Records contained in a dataset:
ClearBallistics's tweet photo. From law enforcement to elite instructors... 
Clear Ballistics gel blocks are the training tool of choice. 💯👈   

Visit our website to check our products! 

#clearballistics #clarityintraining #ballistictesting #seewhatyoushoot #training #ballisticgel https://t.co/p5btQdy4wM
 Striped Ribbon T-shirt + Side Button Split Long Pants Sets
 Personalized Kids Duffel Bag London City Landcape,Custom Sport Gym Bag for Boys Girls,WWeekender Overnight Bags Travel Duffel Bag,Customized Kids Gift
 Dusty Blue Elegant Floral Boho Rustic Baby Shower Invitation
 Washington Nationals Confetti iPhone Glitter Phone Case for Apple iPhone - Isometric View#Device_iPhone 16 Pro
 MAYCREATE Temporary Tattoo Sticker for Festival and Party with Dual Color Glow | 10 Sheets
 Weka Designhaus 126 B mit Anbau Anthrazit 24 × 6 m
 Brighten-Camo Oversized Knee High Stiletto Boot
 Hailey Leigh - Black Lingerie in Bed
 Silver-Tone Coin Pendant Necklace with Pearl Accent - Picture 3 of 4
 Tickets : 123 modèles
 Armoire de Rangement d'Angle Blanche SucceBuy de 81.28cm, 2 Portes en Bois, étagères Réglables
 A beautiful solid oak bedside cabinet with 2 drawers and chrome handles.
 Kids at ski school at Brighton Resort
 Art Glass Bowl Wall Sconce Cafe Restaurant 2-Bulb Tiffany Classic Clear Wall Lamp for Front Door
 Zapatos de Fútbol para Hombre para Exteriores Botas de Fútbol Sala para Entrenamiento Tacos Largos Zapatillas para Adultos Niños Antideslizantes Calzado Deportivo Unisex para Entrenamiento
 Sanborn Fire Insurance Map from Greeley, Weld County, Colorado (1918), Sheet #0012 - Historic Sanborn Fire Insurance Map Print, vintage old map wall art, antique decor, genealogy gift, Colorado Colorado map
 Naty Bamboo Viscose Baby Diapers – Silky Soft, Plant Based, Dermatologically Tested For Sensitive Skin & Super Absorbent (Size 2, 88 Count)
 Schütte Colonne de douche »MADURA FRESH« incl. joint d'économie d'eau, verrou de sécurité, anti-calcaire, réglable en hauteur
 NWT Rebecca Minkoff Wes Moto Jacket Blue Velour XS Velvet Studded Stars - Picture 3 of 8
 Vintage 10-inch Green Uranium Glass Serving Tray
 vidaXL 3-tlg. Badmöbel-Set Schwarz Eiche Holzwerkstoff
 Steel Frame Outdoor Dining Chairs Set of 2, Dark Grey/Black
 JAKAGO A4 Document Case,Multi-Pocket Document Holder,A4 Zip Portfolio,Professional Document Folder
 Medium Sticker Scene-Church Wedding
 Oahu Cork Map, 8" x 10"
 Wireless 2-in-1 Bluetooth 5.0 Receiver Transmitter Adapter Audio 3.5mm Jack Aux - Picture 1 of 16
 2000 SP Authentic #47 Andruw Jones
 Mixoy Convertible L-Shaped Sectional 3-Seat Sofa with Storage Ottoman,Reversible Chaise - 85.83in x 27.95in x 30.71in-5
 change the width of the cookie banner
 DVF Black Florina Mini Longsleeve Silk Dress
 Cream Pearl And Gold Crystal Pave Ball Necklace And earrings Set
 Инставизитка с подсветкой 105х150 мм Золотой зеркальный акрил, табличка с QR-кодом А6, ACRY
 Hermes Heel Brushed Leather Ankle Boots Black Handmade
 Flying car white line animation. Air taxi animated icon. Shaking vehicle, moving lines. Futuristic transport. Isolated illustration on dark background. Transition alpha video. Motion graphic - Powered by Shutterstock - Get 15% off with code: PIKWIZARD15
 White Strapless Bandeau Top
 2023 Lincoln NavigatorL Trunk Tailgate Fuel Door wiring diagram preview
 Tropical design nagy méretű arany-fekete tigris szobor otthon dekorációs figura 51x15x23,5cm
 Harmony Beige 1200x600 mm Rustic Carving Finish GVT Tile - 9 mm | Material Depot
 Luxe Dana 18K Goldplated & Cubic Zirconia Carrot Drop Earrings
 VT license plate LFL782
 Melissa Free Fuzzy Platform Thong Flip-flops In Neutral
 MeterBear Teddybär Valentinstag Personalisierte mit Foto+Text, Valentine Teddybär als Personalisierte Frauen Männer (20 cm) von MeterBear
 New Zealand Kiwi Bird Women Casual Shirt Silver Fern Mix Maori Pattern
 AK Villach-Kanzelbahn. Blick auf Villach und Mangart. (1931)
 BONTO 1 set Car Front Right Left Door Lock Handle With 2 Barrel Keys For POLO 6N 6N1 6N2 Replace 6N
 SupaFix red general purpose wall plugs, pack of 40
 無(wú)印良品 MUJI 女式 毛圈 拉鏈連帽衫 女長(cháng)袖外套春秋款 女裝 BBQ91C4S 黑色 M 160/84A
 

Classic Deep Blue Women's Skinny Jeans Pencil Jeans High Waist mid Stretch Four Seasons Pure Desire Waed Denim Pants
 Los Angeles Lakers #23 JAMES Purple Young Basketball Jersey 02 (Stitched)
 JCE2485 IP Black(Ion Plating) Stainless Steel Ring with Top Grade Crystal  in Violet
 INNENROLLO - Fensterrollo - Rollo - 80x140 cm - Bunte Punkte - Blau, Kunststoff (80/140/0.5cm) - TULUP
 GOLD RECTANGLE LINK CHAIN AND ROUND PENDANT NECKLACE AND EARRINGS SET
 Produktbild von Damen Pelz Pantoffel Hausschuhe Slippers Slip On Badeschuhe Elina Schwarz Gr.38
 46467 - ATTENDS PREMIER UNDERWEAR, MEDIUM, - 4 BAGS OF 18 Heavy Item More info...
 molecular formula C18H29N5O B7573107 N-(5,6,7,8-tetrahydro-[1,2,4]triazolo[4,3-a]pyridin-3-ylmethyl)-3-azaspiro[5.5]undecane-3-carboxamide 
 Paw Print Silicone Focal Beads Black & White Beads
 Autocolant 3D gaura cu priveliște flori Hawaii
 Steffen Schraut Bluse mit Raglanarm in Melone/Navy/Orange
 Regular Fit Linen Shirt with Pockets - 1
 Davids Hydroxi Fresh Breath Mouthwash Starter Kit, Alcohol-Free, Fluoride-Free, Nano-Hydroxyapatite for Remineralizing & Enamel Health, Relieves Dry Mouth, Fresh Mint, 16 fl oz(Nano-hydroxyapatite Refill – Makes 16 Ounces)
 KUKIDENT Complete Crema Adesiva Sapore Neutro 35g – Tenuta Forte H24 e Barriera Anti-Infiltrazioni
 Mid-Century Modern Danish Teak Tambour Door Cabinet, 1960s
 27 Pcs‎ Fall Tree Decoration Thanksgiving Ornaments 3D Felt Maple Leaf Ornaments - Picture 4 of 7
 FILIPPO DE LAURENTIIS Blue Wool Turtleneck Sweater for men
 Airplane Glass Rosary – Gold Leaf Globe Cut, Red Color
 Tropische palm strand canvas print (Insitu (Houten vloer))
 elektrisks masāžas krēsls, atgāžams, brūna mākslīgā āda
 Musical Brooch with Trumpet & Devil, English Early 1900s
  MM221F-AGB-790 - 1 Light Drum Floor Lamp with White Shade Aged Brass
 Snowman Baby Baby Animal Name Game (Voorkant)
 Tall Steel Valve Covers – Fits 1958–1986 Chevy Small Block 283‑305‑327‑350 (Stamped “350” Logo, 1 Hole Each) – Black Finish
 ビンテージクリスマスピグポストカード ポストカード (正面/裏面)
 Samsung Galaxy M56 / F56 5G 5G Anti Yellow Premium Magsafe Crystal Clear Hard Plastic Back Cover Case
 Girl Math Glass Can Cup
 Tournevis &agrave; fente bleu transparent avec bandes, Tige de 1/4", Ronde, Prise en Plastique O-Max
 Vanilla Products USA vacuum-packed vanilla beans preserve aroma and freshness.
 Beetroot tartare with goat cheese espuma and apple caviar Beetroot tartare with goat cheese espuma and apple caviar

Instructions for the task:
Retype exactly the lines of the data above that fall between the line with "Clear Ballistics gel" and the line with "Art Glass Bowl", inclusive, and add nothing.

Answer section:
Clear Ballistics gel blocks are the training tool of choice. 💯👈   

Visit our website to check our products! 

#clearballistics #clarityintraining #ballistictesting #seewhatyoushoot #training #ballisticgel https://t.co/p5btQdy4wM
 Striped Ribbon T-shirt + Side Button Split Long Pants Sets
 Personalized Kids Duffel Bag London City Landcape,Custom Sport Gym Bag for Boys Girls,WWeekender Overnight Bags Travel Duffel Bag,Customized Kids Gift
 Dusty Blue Elegant Floral Boho Rustic Baby Shower Invitation
 Washington Nationals Confetti iPhone Glitter Phone Case for Apple iPhone - Isometric View#Device_iPhone 16 Pro
 MAYCREATE Temporary Tattoo Sticker for Festival and Party with Dual Color Glow | 10 Sheets
 Weka Designhaus 126 B mit Anbau Anthrazit 24 × 6 m
 Brighten-Camo Oversized Knee High Stiletto Boot
 Hailey Leigh - Black Lingerie in Bed
 Silver-Tone Coin Pendant Necklace with Pearl Accent - Picture 3 of 4
 Tickets : 123 modèles
 Armoire de Rangement d'Angle Blanche SucceBuy de 81.28cm, 2 Portes en Bois, étagères Réglables
 A beautiful solid oak bedside cabinet with 2 drawers and chrome handles.
 Kids at ski school at Brighton Resort
 Art Glass Bowl Wall Sconce Cafe Restaurant 2-Bulb Tiffany Classic Clear Wall Lamp for Front Door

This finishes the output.